From the line containing "Imagem de Mala" to the line containing "TRICOU ART IS NOT A CRIME OVERSIZED T002" in the records below, set down every line exactly as it stands, both ends included, and skip the pictures.
Source material: Begin
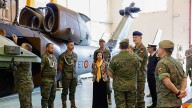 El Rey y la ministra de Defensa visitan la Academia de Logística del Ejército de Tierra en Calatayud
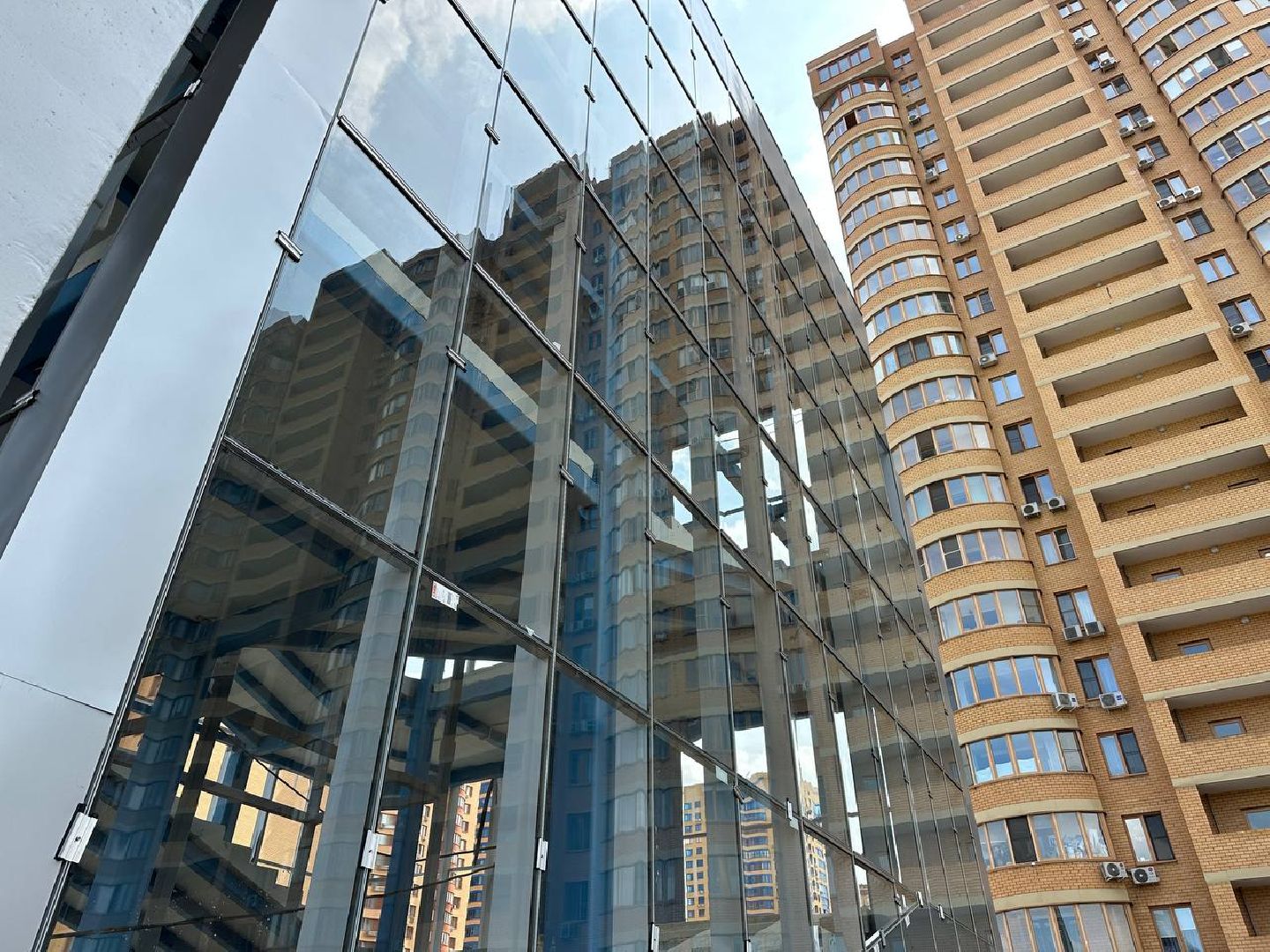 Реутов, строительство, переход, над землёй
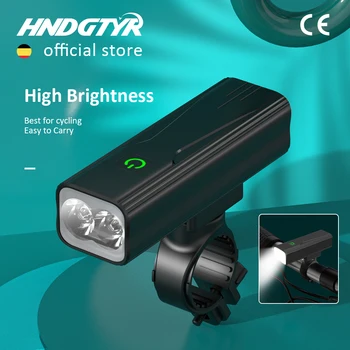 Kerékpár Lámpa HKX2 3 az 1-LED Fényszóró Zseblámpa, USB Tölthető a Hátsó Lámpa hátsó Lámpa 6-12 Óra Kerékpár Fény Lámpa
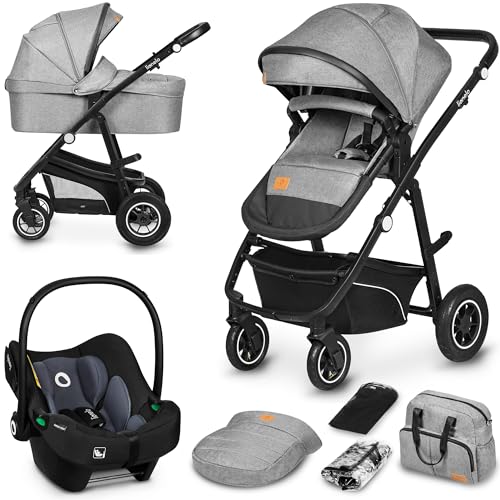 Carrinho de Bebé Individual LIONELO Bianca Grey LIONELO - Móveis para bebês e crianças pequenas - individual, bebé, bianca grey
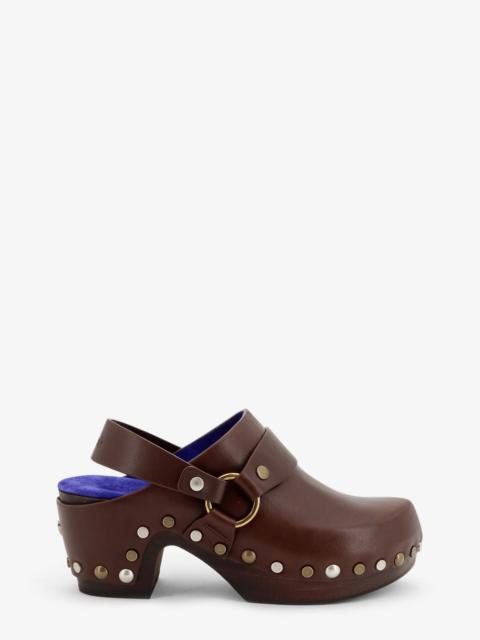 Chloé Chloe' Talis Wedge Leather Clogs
Source material: End
Source material: Begin
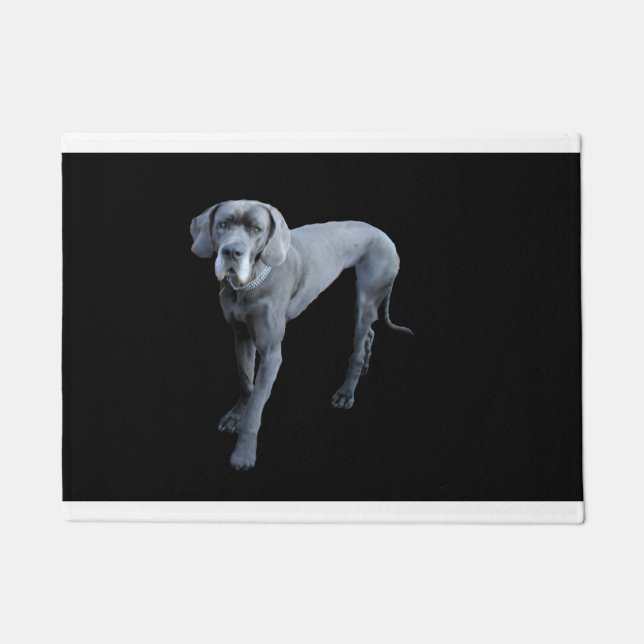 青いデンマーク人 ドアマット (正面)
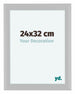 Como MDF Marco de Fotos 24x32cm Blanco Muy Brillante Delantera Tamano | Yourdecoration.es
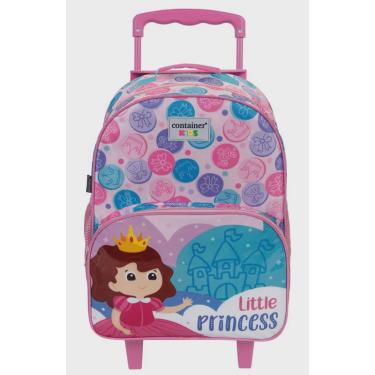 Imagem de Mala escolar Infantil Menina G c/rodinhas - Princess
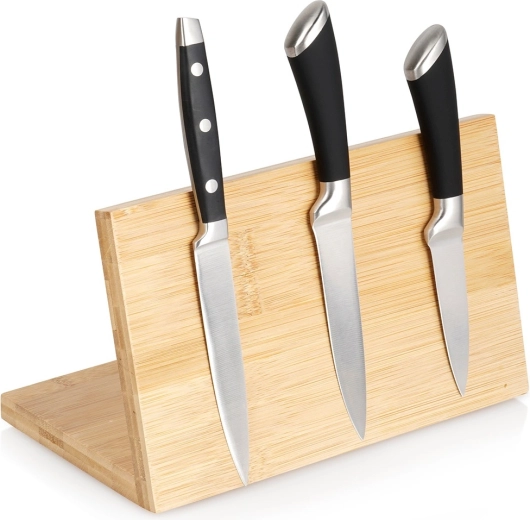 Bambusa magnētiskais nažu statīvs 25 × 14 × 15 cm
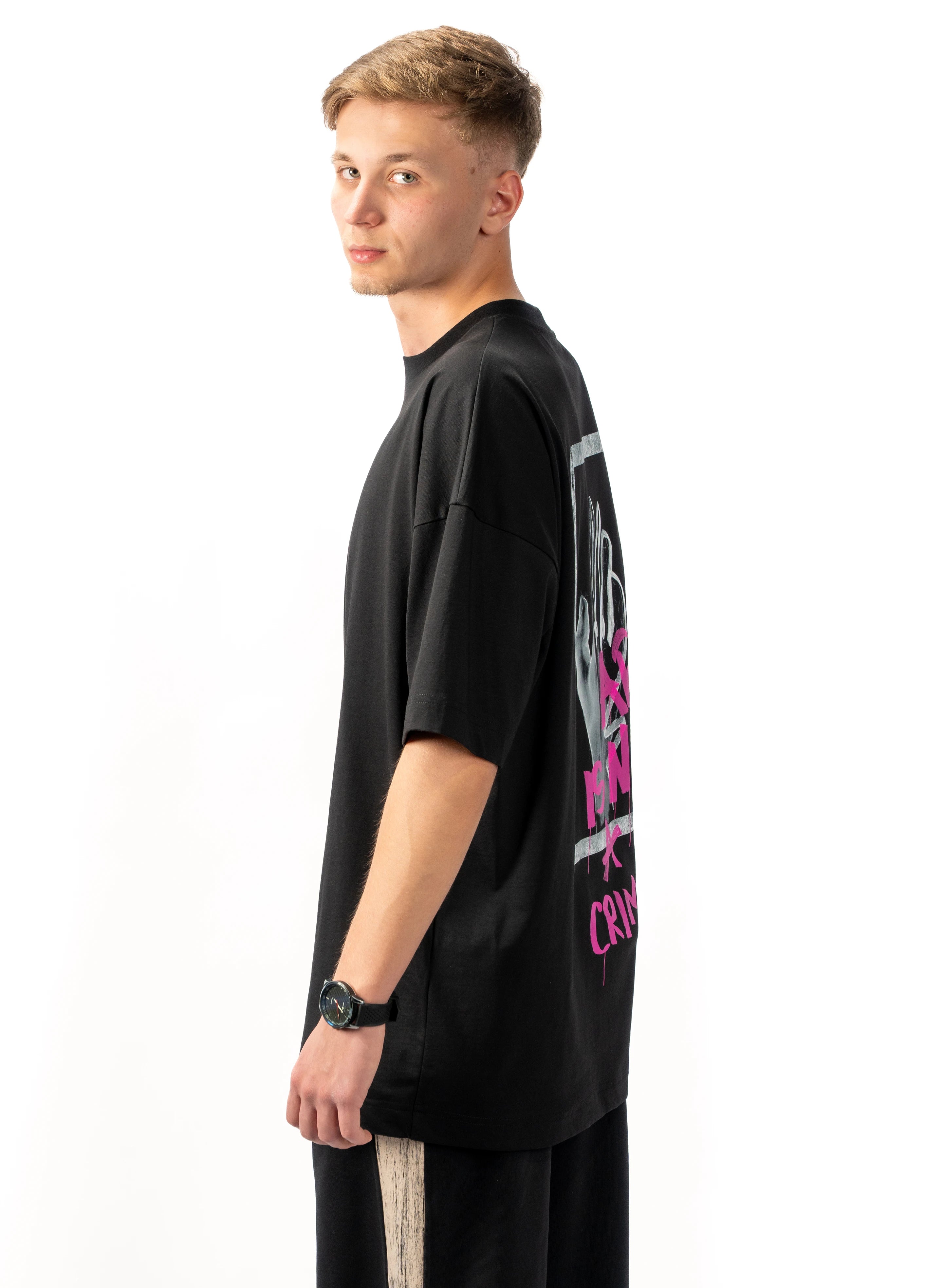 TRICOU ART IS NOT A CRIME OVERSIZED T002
Source material: End
Source material: Begin
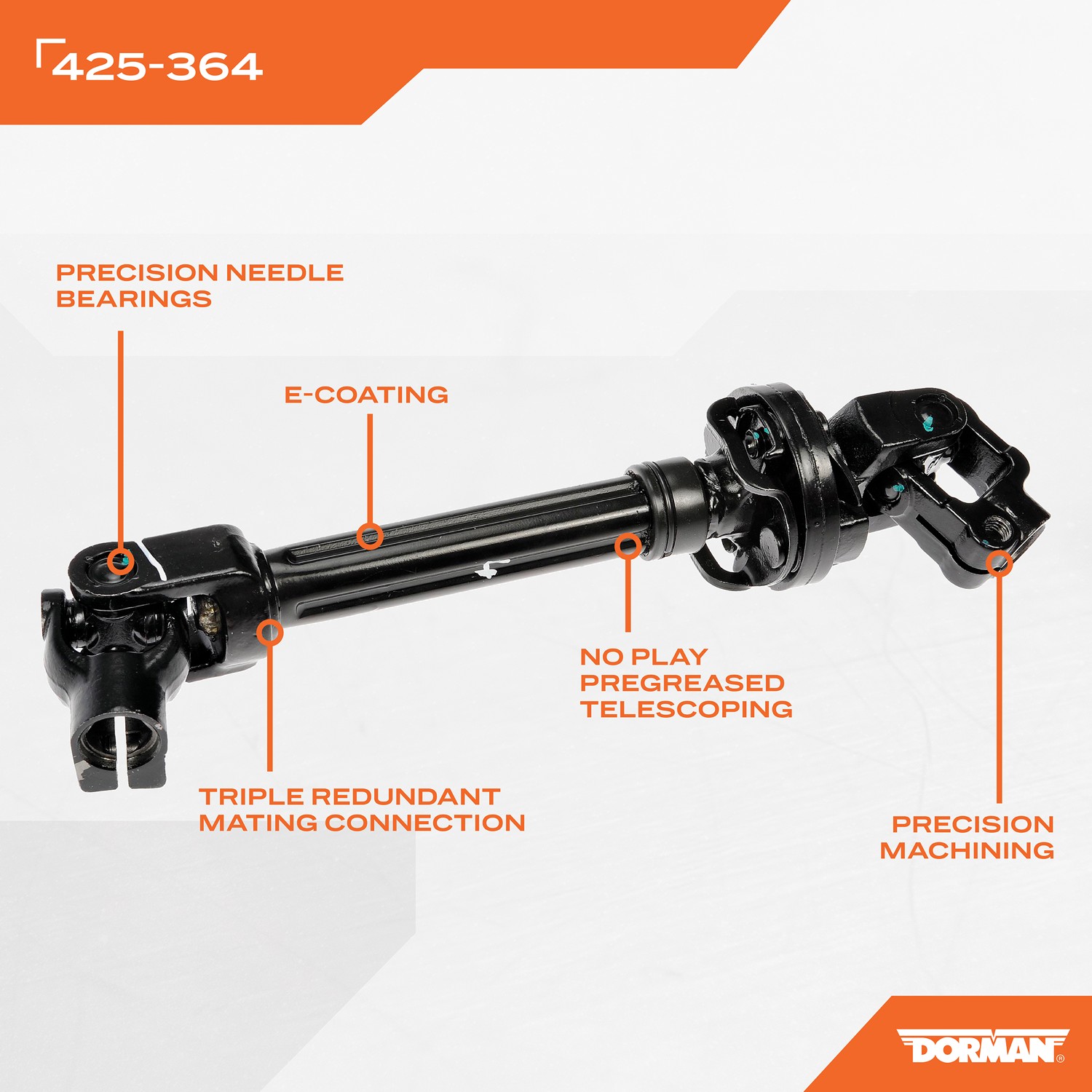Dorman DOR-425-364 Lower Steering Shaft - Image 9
Source material: End
**Answer to the exercise:**
 Imagem de Mala escolar Infantil Menina G c/rodinhas - Princess
 Bambusa magnētiskais nažu statīvs 25 × 14 × 15 cm
 TRICOU ART IS NOT A CRIME OVERSIZED T002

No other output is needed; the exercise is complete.